Before looking further into the client implementation, open src/types.h and add the type definitions for our RPCs (insert_in_t, insert_out_t, lookup_in_t, lookup_out_t, etc.). Take the example of the sum_* structures for that.

src/client.c contains the implementation of the client-side functions. In YP_client_init, add the registration of our two new RPCs.

Still in src/client.c and using code from Ex 1 (or by copying and adapting the content of the YP_compute_sum function), implement the client-side function that sends the insert and lookup RPCs to the server.

At this point, feel free to compile your code to make sure it builds fine. You won’t be able to test it yet since there is no server-side implementation of our RPCs, so let’s focus on the server library next.

include/YP/YP-backend.h contains the definition of a backend, i.e. the interface that a phonebook implementation must satisfy. Add the proper insert and lookup function pointers to this structure.

src/dummy/dummy-backend.c contains a “dummy” implementation of such a backend. Copy the phonebook.h file from the Ex 1 to the dummy folder, and include it in dummy-backend.c. Add a phonebook_t phonebook field to the dummy_context structure, then edit (1) dummy_create_phonebook and dummy_open_phonebook to add set this field (using phonebook_new()), and (2) dummy_close_phonebook and dummy_destroy_phonebook to call phonebook_delete().

Still in the same file, add the implementation of the dummy_insert and dummy_lookup functions and add the function pointers in the static YP_backend_impl dummy_backend structure definition.

src/provider.h contains the state of a phonebook provider. Edit the YP_provider structure to add the hg_id_t for our two new RPCs, just like you did for the client.

src/provider.c contains the implementation of the provider functions. Find the YP_provider_register function and add the registration of your new RPCs by taking the existing RPCs as examples. Such registration involves (1) calling MARGO_REGISTER_PROVIDER with the appropriate arguments, (2) calling margo_register_data to associate the provider with the RPC, and (3) setting the RPC ID in the provider structure.

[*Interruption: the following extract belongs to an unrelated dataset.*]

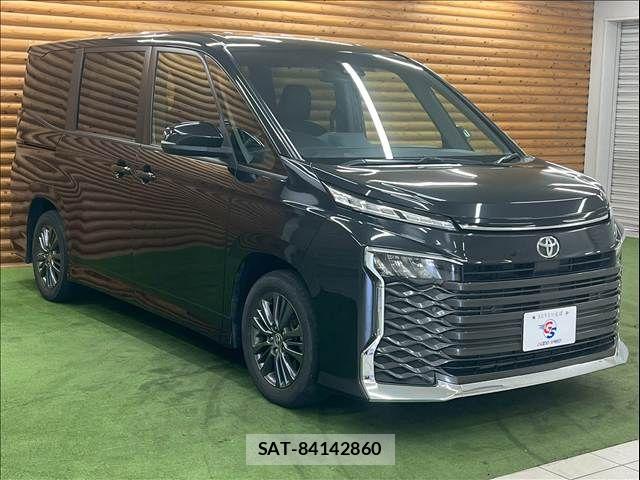 Toyota VOXY 2023-06 8146963-13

Still in src/provider.c, find the YP_finalize_provider function and add the calls necessary to deregister the two new RPCs.

Note

You will first need to add declarations of your new RPCs, at the beginning of the file, where DECLARE_MARGO_RPC_HANDLER is used.

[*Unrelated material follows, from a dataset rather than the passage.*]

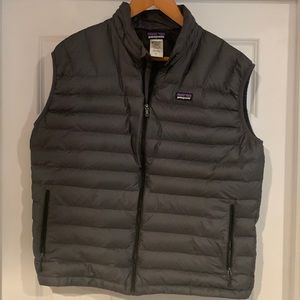 Patagonia mens down vest size XL. Forge grey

We can now implement the functions that will handle the RPCs. In the same file, find the YP_sum_ult function, copy it (including the DEFINE_MARGO_RPC_HANDLER line that follows it) and edit it to transform it into a YP_insert_ult function, then do the same with a YP_lookup_ult function.

At this point, you can make sure your code builds fine. Your microservice is ready! If you have time, feel free to look into the tests folder, in particular the test-client.c file, and edit it (replacing calls to the “sum” RPC) to try out your new functionalities.

In practice, the next steps at this point would be to (1) add more tests, (2) remove everything related to the “hello” and “sum” RPCs (because obviously a phonebook is not a calculator), and (3) implement more complex backends by copying the code of the “dummy” backend and changing it to use external libraries or more complicated implementations.